Si le « pouvoir juif » se définit comme le pouvoir d’interdire le débat au sujet du « pouvoir juif », Mondoweiss, Jewish voice for peace, Democracy Now !, Noam Chomsky [en France l’UJFP (1)] et d’autres, se consacrent à cette tâche jour et nuit.
Ils posent des limites implacables au débat au moyen du politiquement correct.
Mondoweiss a été jusqu’à interdire toute critique d’Israël dans le cadre de la judéité. Cet effort hypocrite pour subvertir le débat a réussi pendant un certain temps. Cependant, cela ne marche plus, et je pense que j’y suis pour quelque chose.
Avec d’autres penseurs et commentateurs, j’ai pointé du doigt un système d’opposition contrôlée qui se consacre uniquement à protéger les «intérêts de la communauté juive», comme Philip Weiss a été assez courageux ou assez bête pour le reconnaître en 2011.
JF: Comment le mouvement de solidarité palestinien, ou la cause pro-Palestine, sont-ils concrètement encadrés aujourd’hui par des intervenants juifs et comment sont-ils reliés aux intérêts juifs globaux?
GA: Comme je l’ai montré dans mon intervention à San Diego, alors que dans le passé, c’était le droit au retour des Palestiniens qui était au cœur de la cause palestinienne en termes éthiques, politiques et juridiques, la domination croissante des Juifs libéraux au sein du mouvement a dilué ce droit élémentaire. Il a été remplacé par une avalanche de termes trompeurs et erronés destinés à apaiser certains Juifs de la diaspora et ce qui reste de la gauche israélienne.

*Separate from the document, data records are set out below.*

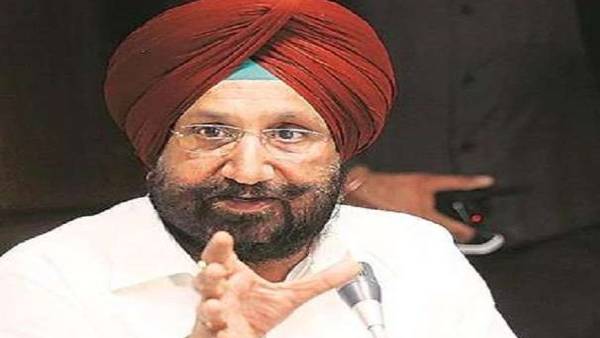 कैप्टन को बैकफुट पर लाने की कोशिश कैप्टन को बैकफुट पर लाने की कोशिश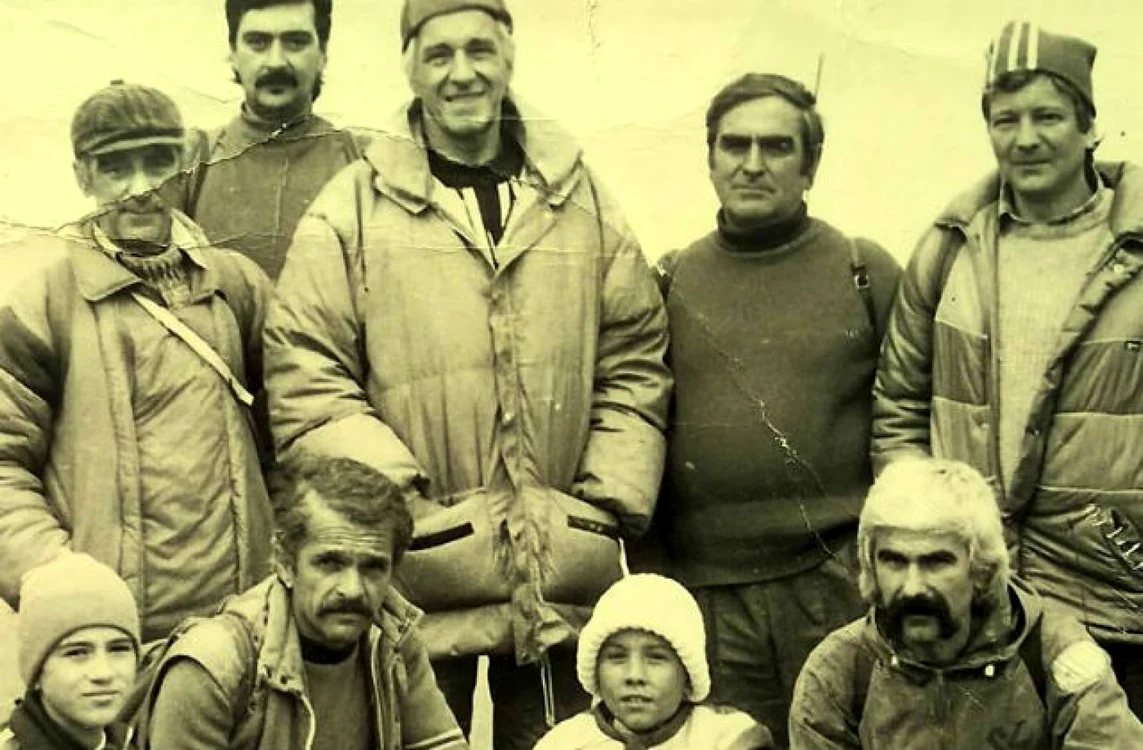 Sergiu Nicolaescu alături de salvamontiştii din Buşteni, figuranţi în filmul ”Chemarea aurului”, turnat în mare parte pe platoul Bucegilor  FOTO Gheorghe Haiduc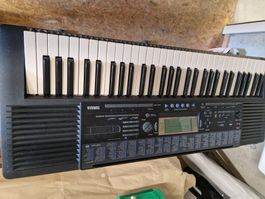 Keyboard Yamaha PSR-420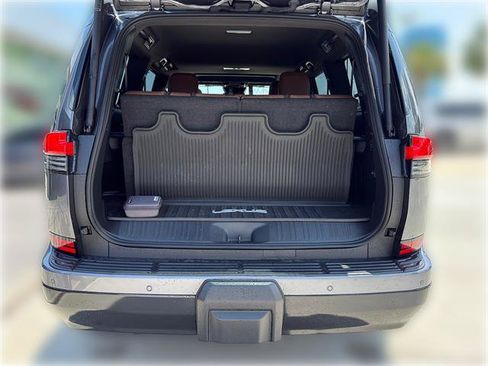 Used 2024 Lexus GX 550 w/ Accessory Package (Z1) AWD/4WD image 8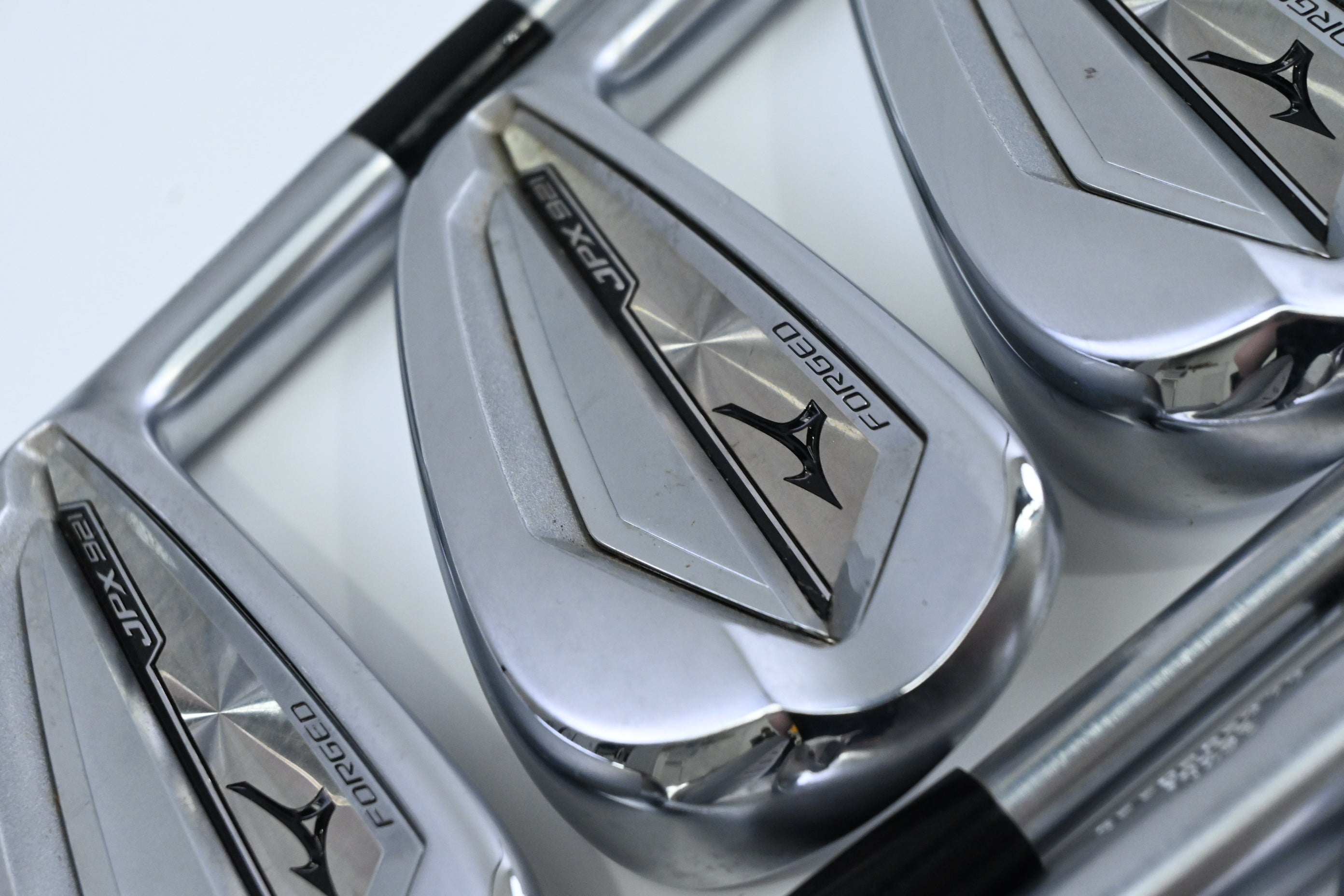 Mizuno JPX 921 Forged Irons / 4-PW / Regular Flex Project X IO 105 Shafts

Tout cela a été fait au détriment des Palestiniens.
Alors que le droit au retour situait les épreuves des Palestiniens dans leur contexte historique, politique, juridique et moral, la nouvelle terminologie -parlant de «fin de l’occupation», de «colonialisme», «d’apartheid», et même du mouvement Boycott, Désinvestissement, et sanctions ( post-2010) -légitime l’Etat juif dans les frontières d’avant 1967. Elle ignore totalement le calvaire des réfugiés, de Gaza, et de de la diaspora palestinienne.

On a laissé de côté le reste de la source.